What the task asks ::
Beginning at the line that contains "1pc Gold Foil" and finishing at the line that contains "Blusa Trascender - Blanco", output the data below exactly. Include both end lines and no pictures.

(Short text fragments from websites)

**********

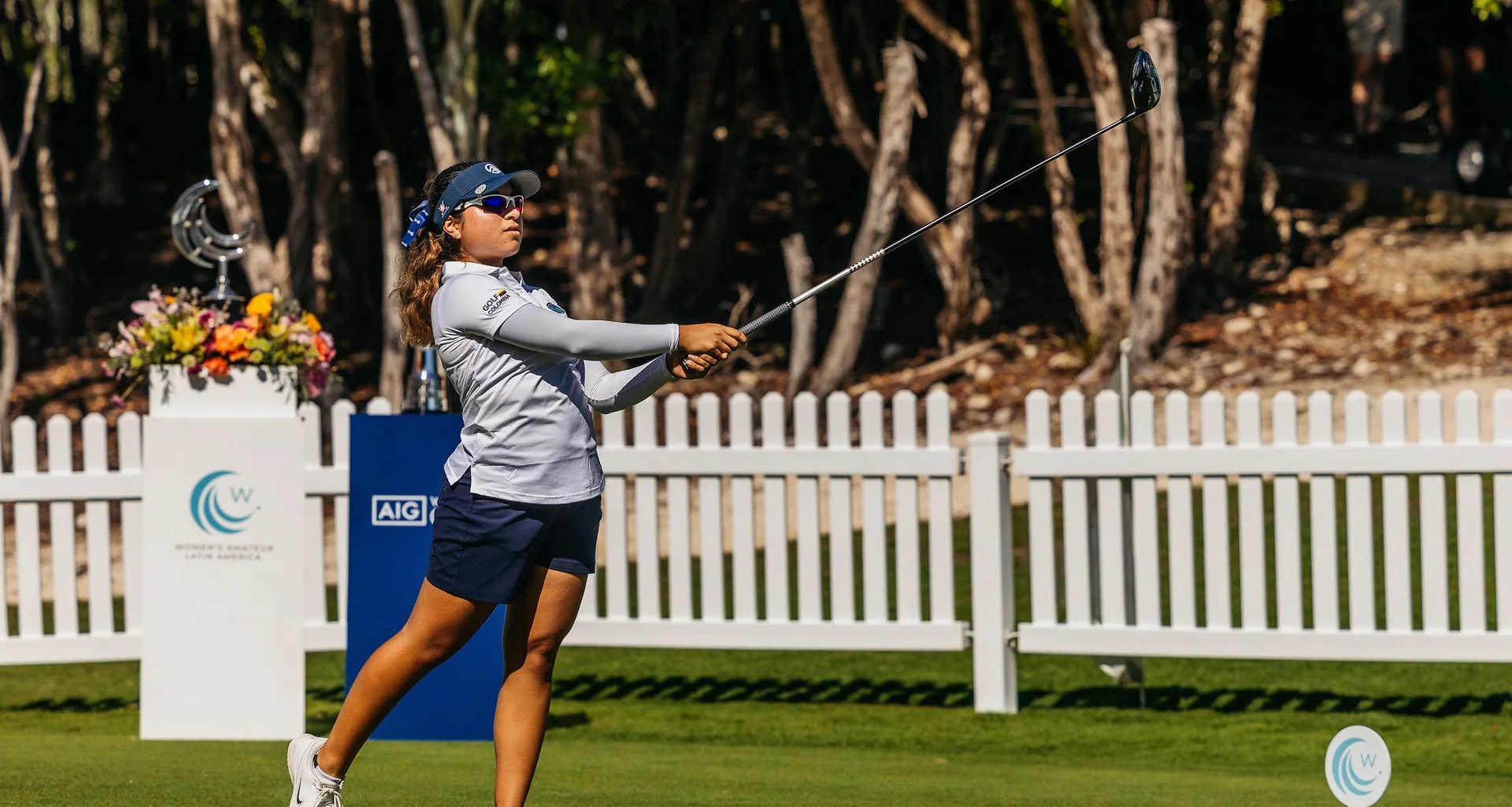 María José Marín during round one of the Women's Amateur Latin America at at PGA Riviera Maya in Mexico.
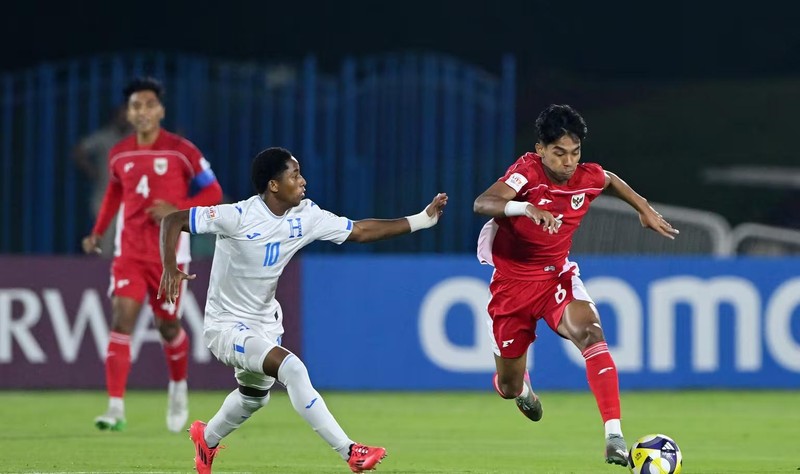 Indonesia vs Hondouras dalam lanjuta Piala DUnia U-17. (Dok. PSSI)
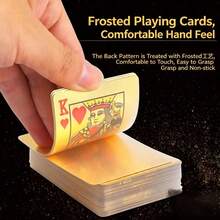 1pc Gold Foil Poker Cards Creative Gold Grid Luxury Dollar Gold Paper Cards Matte Durable, A Fun Game Suitable For Men, Best Gift For Men, Suitable For Father's Day - Multicolor - View 4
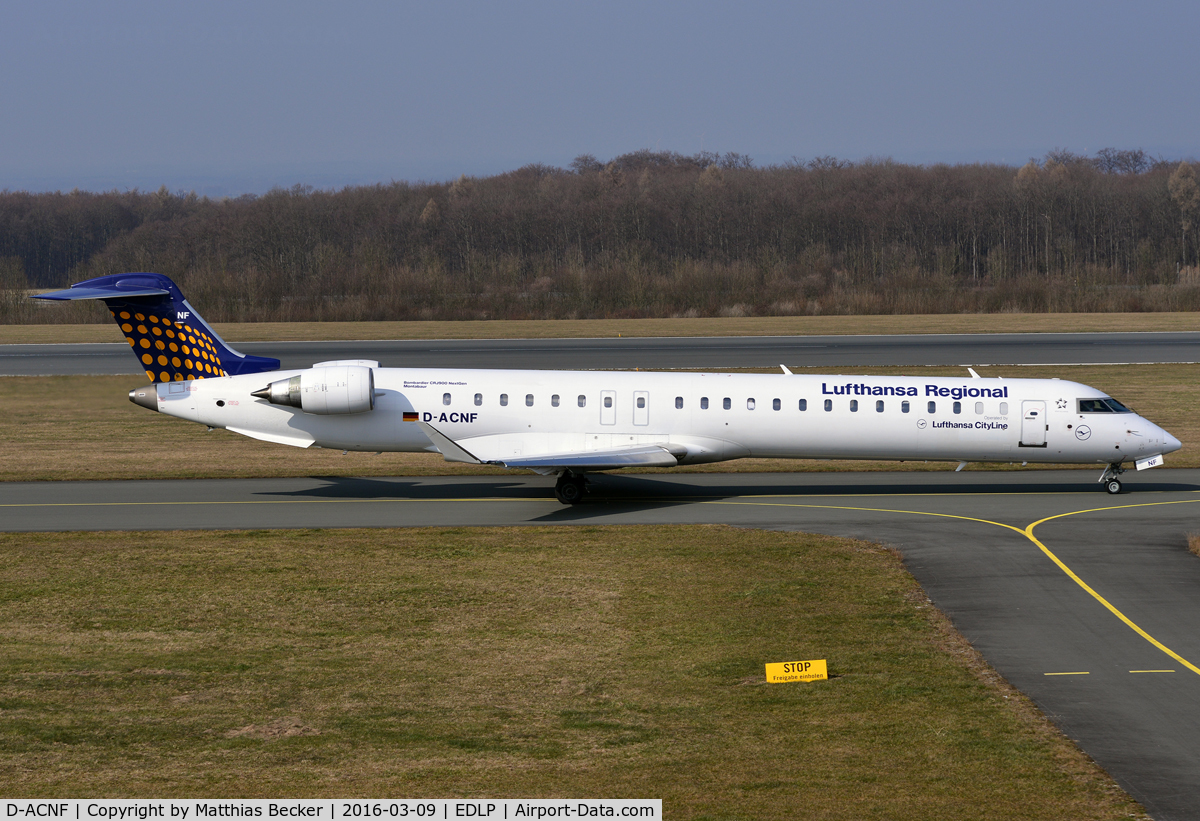 D-ACNF, 2009 Bombardier CRJ-900 (CL-600-2D24) C/N 15243, D-ACNF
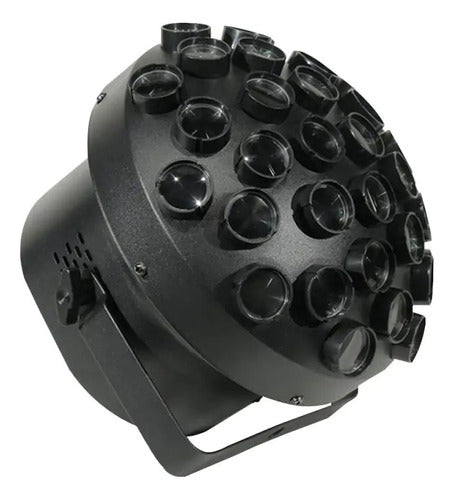 Mushroom 40 W Efecto Gran Cobertura 27 Leds Rgb 1,5w Tecshow 0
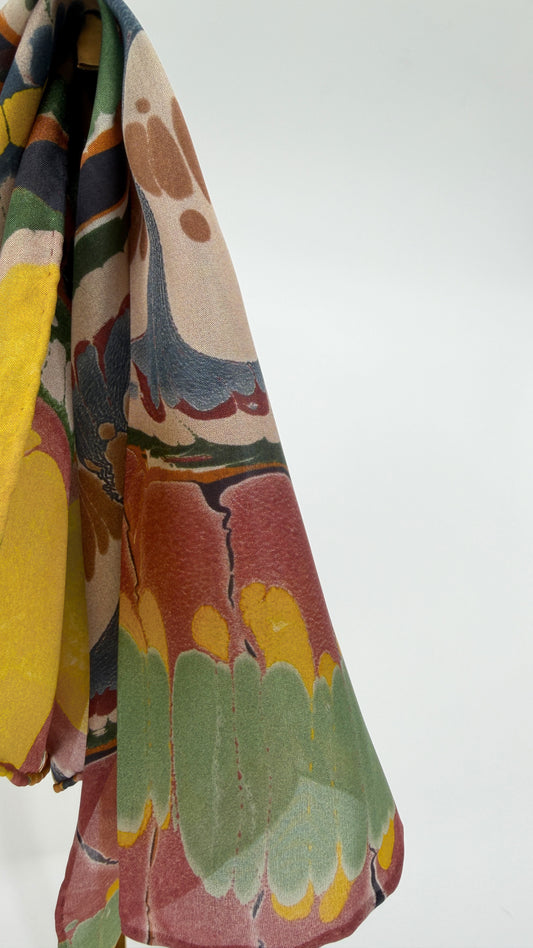 The Strata Silk Scarf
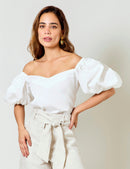 Blusa Trascender - Blanco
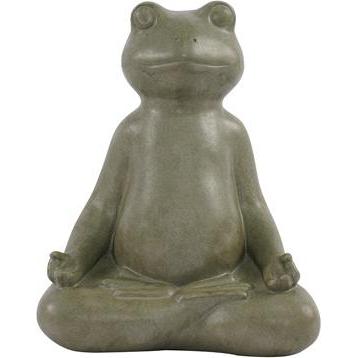 Garden Center, Decorazione esterna, Garden decoration "Frog", 27 cm x 18 cm x 34 cm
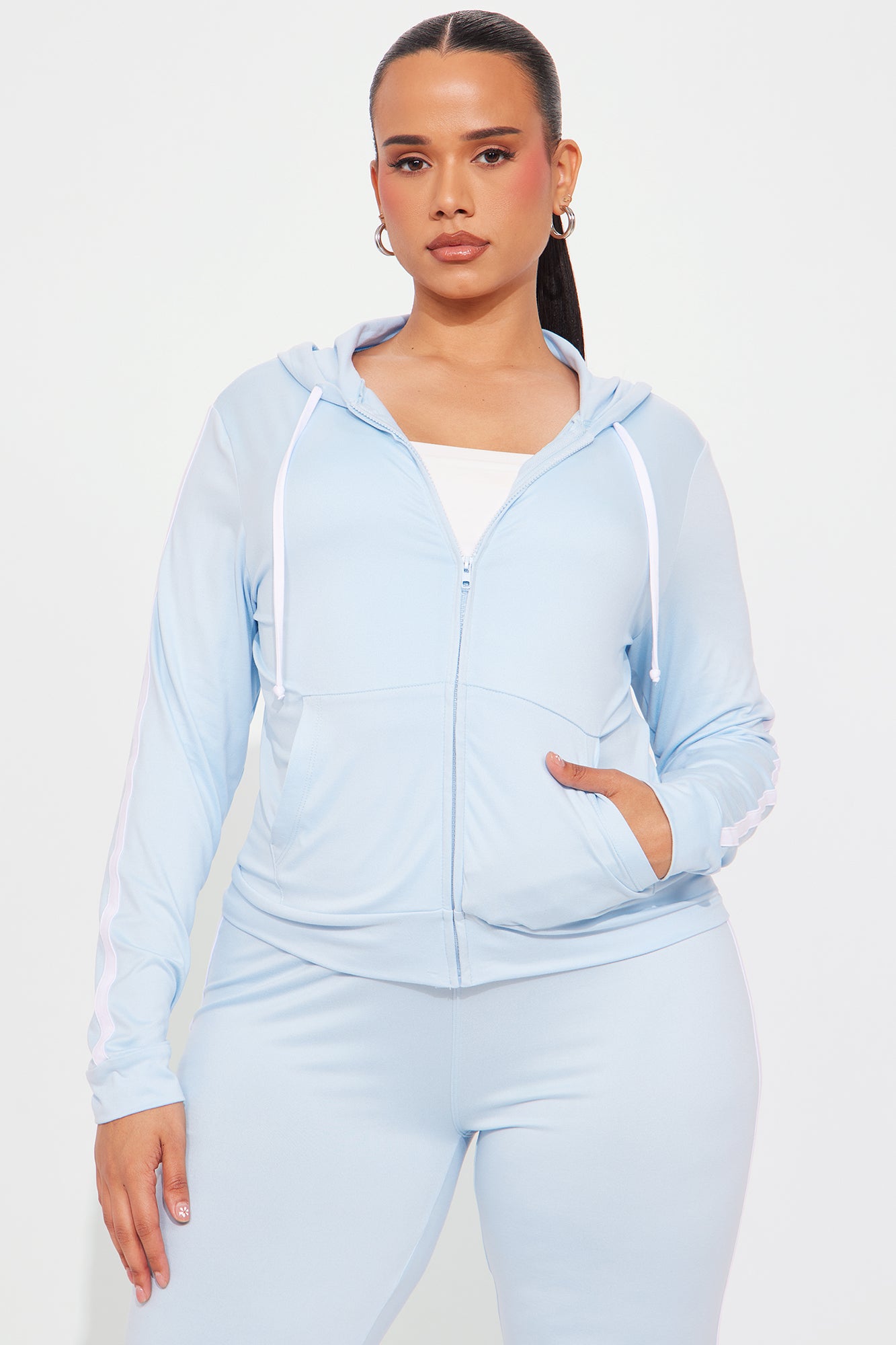 Tennis Courts Wide Leg Pant Set - Blue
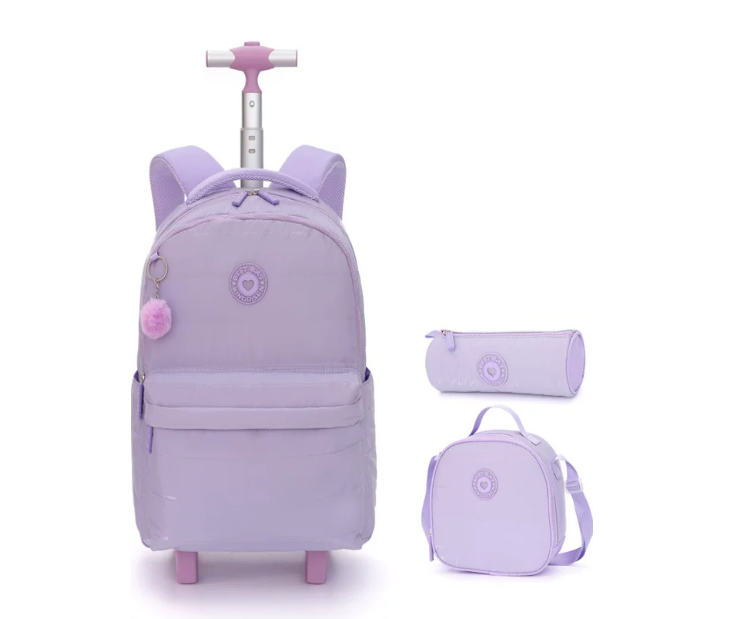 حقيبة ظهر مدرسية بعجلات مقاس 1 - مراجعة Foldable Rolling Luggage Bag وسعره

**********

Written solution ::
 1pc Gold Foil Poker Cards Creative Gold Grid Luxury Dollar Gold Paper Cards Matte Durable, A Fun Game Suitable For Men, Best Gift For Men, Suitable For Father's Day - Multicolor - View 4
 D-ACNF, 2009 Bombardier CRJ-900 (CL-600-2D24) C/N 15243, D-ACNF
 Mushroom 40 W Efecto Gran Cobertura 27 Leds Rgb 1,5w Tecshow 0
 The Strata Silk Scarf
 Blusa Trascender - Blanco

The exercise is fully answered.